Here is a session proposal I put together for CNU on the way home from New Orleans on Sunday (and have also now forwarded to APA). Both of their deadlines for submissions have passed, so we'll see what happens.
Title: The Pending Financial Implosion of Small Town America
Speaker: Charles L. Marohn, Jr. PE AICP, President of Community Growth Institute, President of Strong Towns and author of the Strong Towns Blog
Topics: Small Towns, Local Economies, Economics of Growth
Summary: This session will discuss the unique economics of small towns, the dramatic spatial mismatch between public and private sector investments in small towns, the implications of the evolving relationship between the original town site and the surrounding countryside and how Agrarian Urbanism is a key part of addressing these systematic problems. Technical research prepared by Strong Towns, a Minnesota-based non-profit organization, will demonstrate the economics behind growth in small towns and why a collapse of this model is imminent.
America is on the precipice of losing its small towns.
Since the end of World War II, Small Town America has systematically abandoned its traditional development pattern for a wholesale embrace of suburbanization. Small towns that had modest, but highly resilient, economies were transformed over the course of a generation into fragile places with unfathomable amounts of financial liability. This change has been combined with increasing social tension and civic disconnect as the traditional values of “frugality” and “community” were replaced with the ubiquitous, repackaged “American Dream”.
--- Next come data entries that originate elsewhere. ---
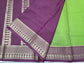 PURE MYSORE CREPE SILK SAREES WITH CHEX PATTERN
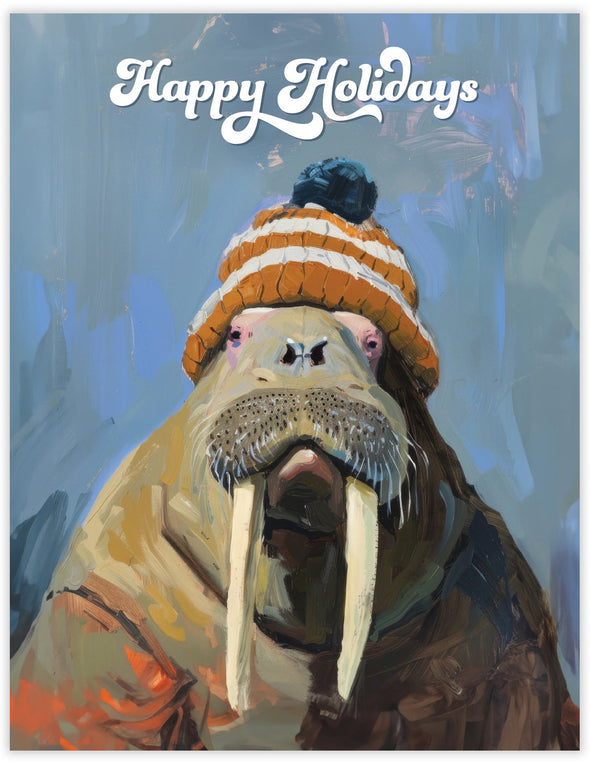 Walrus Happy Holidays Card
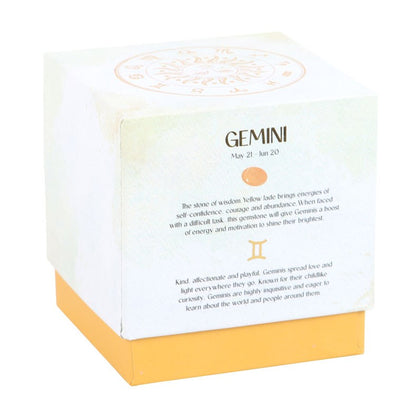 Gemini Zodiac Candle
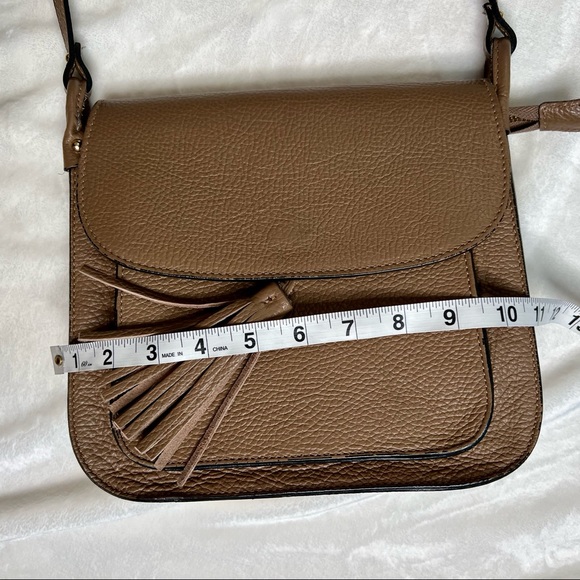 BORSE IN PELLE • Genuine Leather • Made In Italy • Crossbody Purse • Brown/Tan - Picture 12 of 16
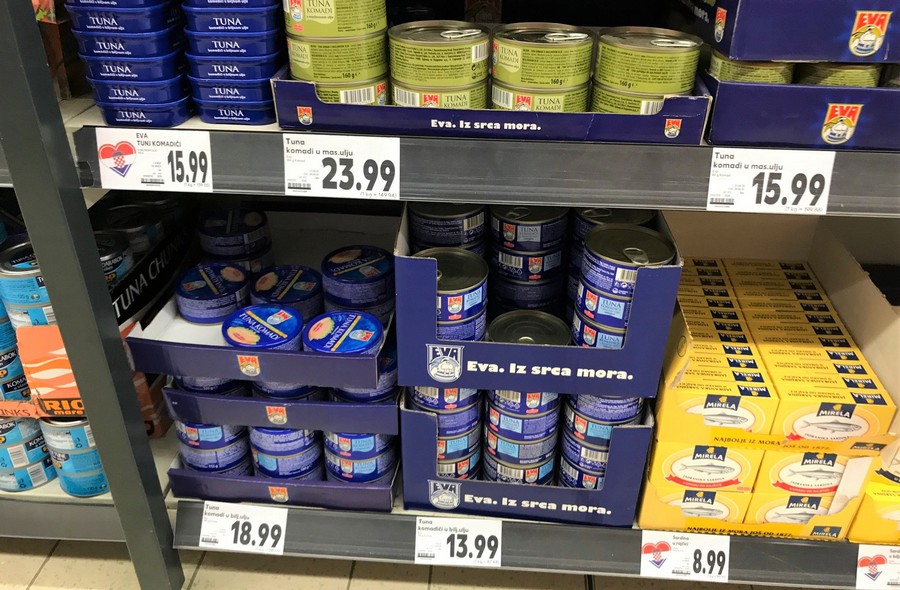 Eva tuna tajland, kaufland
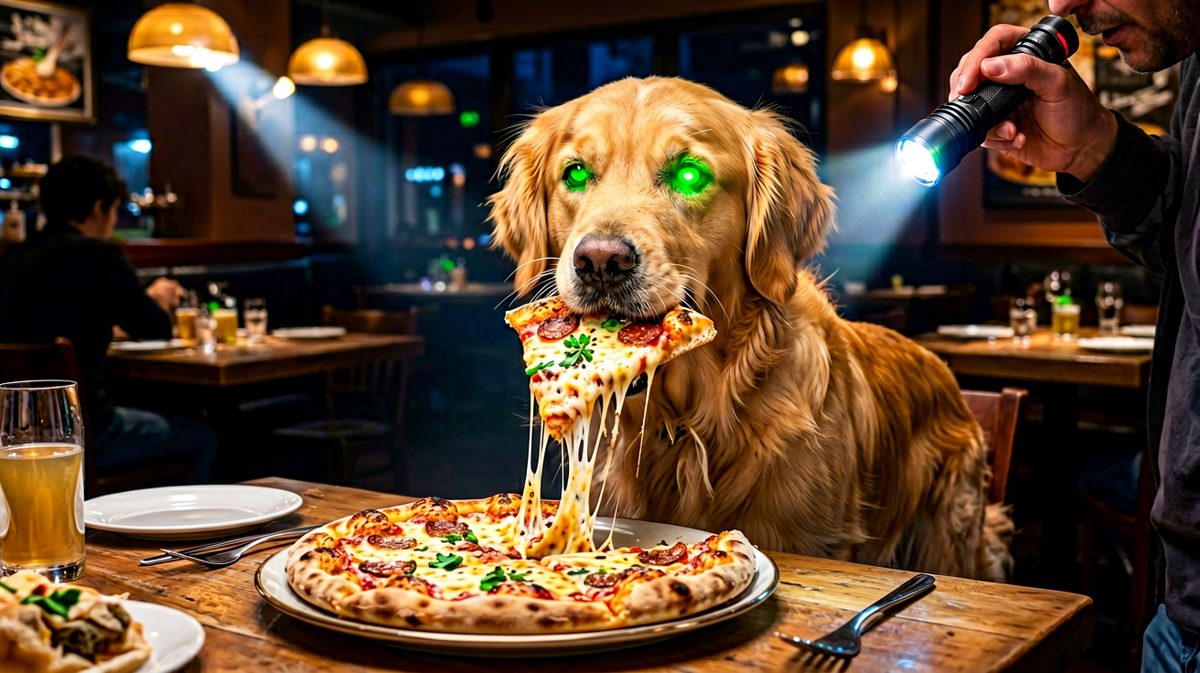 不是我吃的！是比萨先动的手！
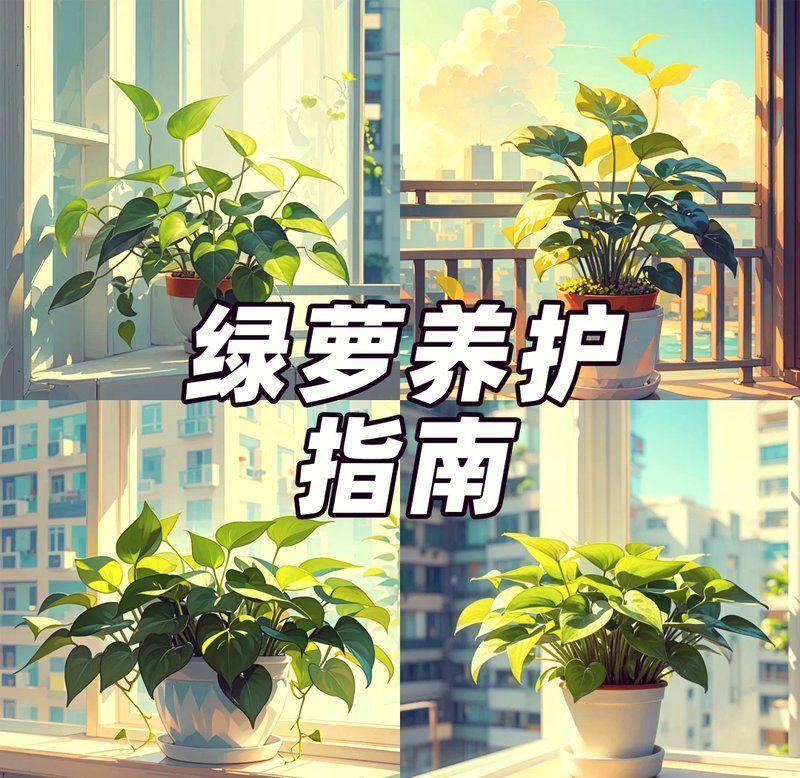 綠蘿多久澆一次水合適，綠蘿多久澆一次水合適,綠蘿澆水指南橙子宥米心不慌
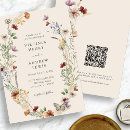 Search for simple wildflower wedding invitations Whimsical wildflowers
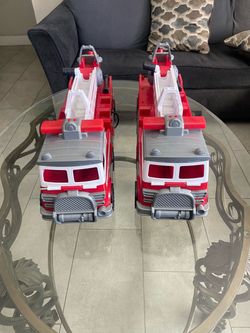 PAW Patrol Marshall Fire Truck Toy – Lot of 2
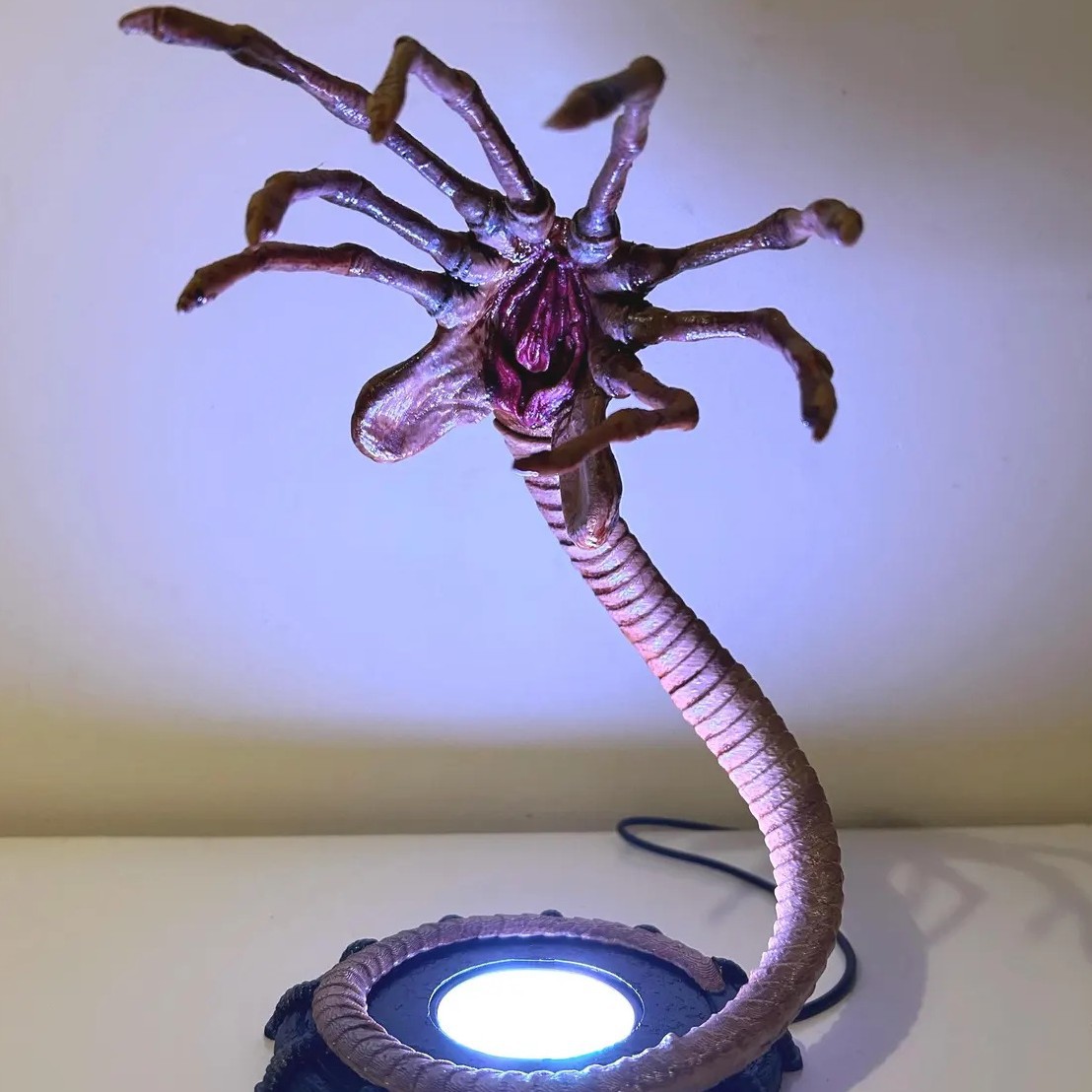 Alien Facehugger Lamp Nightlig - Lighting Decoration For Home recension och pris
American small towns are now caught in the commodity trap of decline, where even modest levels of growth require a financial model that functions exactly like a traditional Ponzi scheme. Federal and state spending on infrastructure, as well as enormous amounts of public and private sector debt, have kept these systems afloat. As these enabling mechanisms are withdrawn due to changes in the economy, budget cuts and our inability to obtain further leverage, Small Town America is faced with the impossible task of unwinding these systems. There is no sign that this unwinding can happen successfully.
The large scale failure of our small towns, which is imminent, will be a final warning sign that the suburban model is starting its financial collapse.